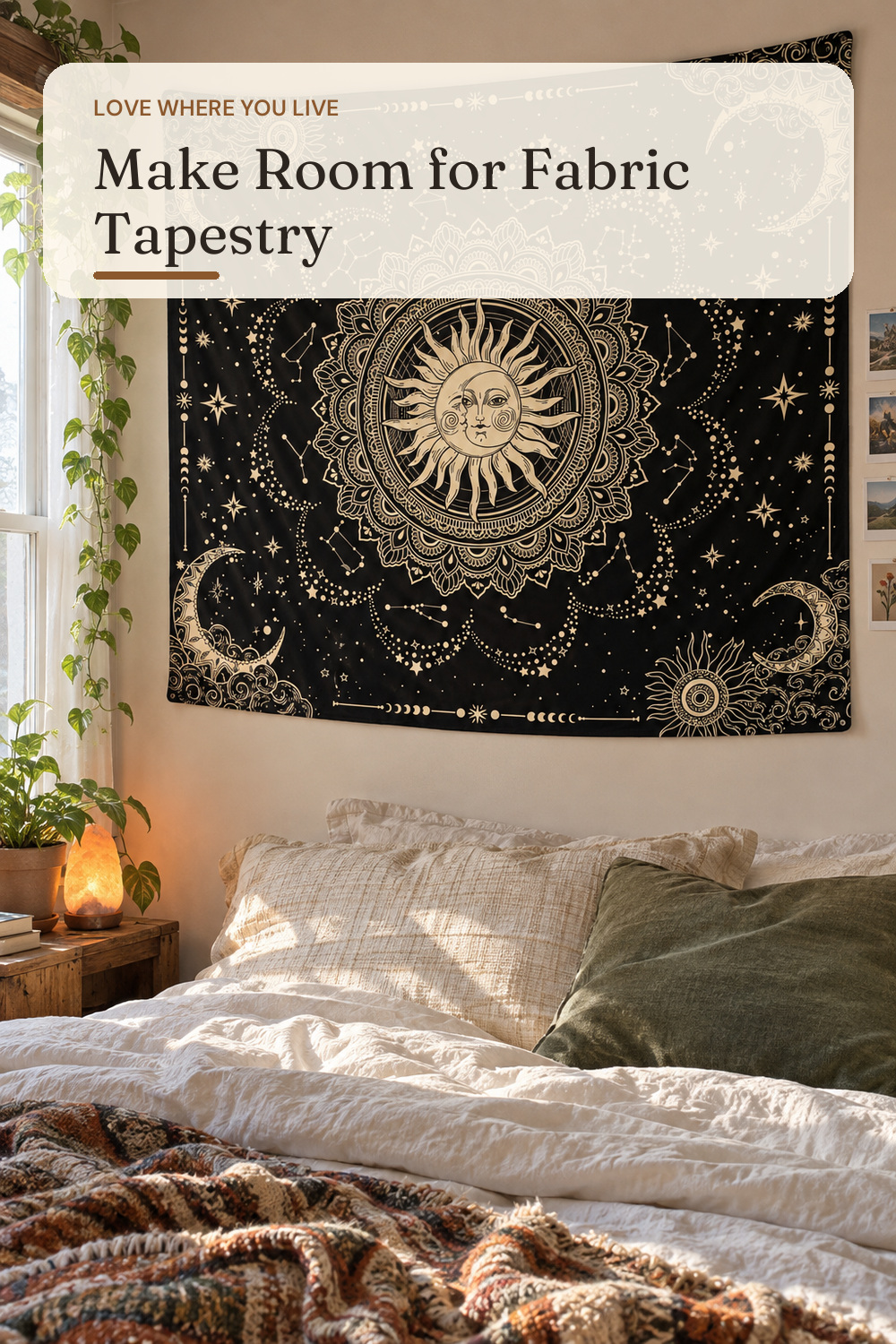 ARTCREATOR Sun and Moon Tapestry, Black Golden Mandala Tapestries Astrology Space Wall Hanging Boho Hippie Decor for Bedroom, Living Room, Ceiling (29" x 37"); AI-generated styling illustration
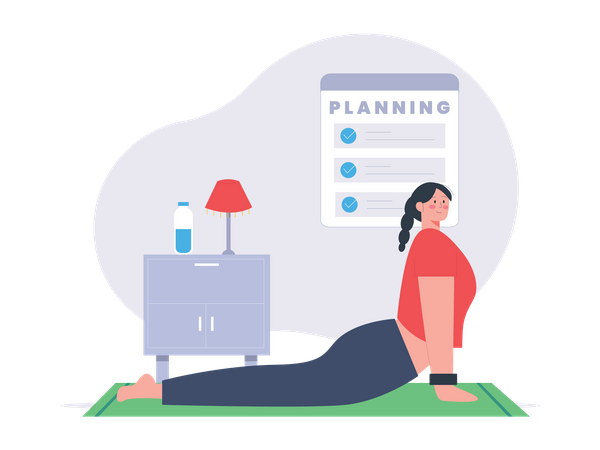 Entrenamiento de mujer según plan de gimnasio.  Illustration
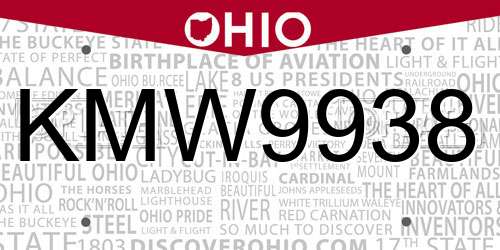 KMW9938 Ohio License Plate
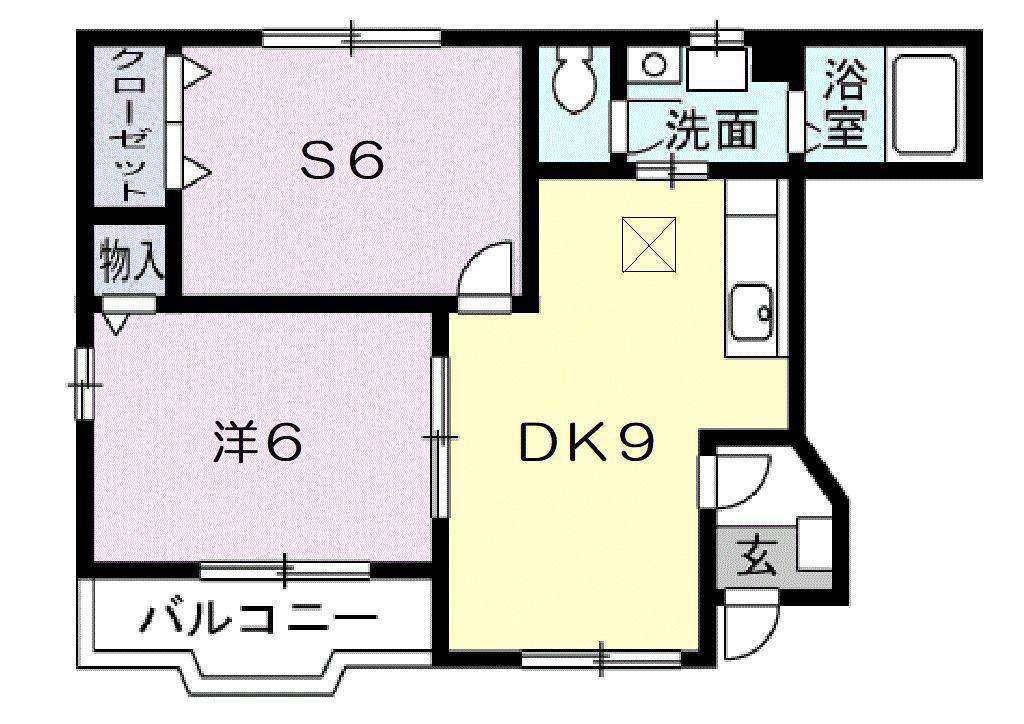 カーサ セレーノ(1SDK/1階)の間取り写真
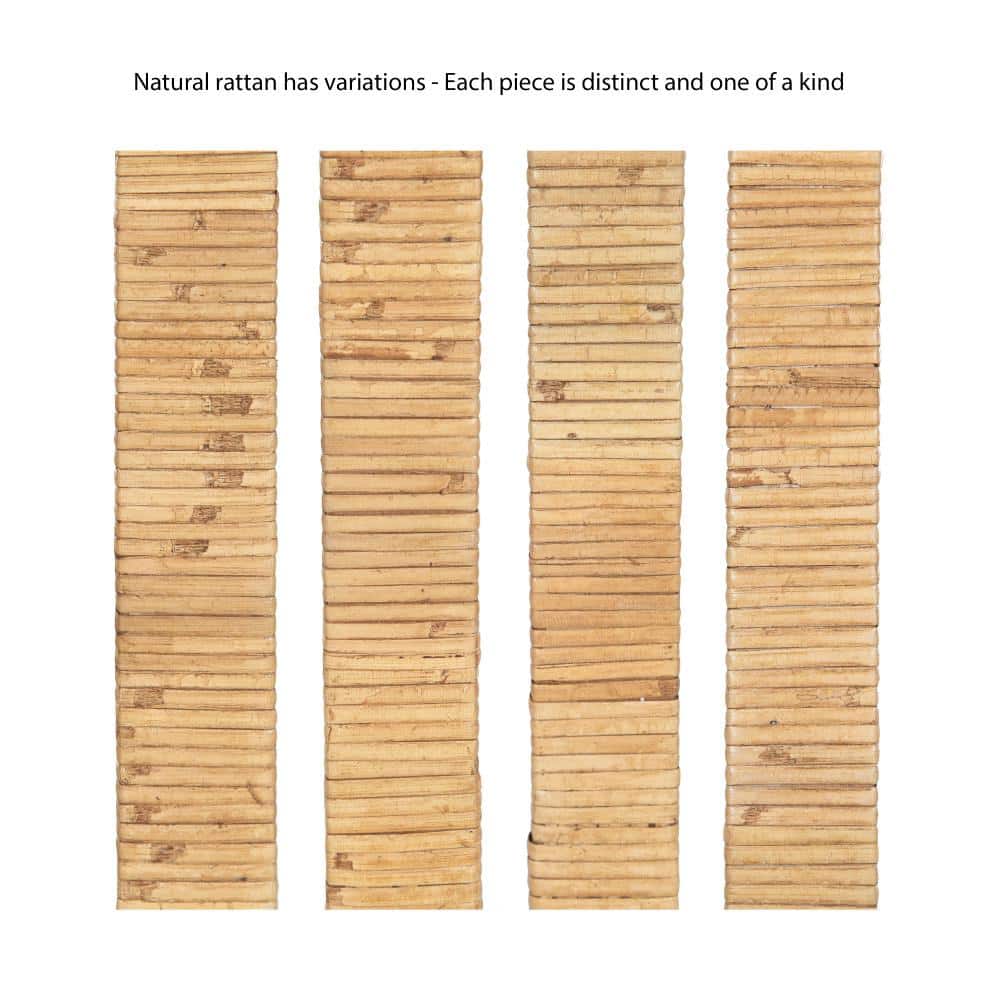 Natural Wood Boho Arch Rattan Wall Mirror, 28 x 32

*-*-*

Action item => Starting at the line that contains "カーサ セレーノ(1SDK/1階)の間取り写真", transcribe every line through the end of the listing exactly, including both end lines and excluding pictures.

Answer section =>
 カーサ セレーノ(1SDK/1階)の間取り写真
 Natural Wood Boho Arch Rattan Wall Mirror, 28 x 32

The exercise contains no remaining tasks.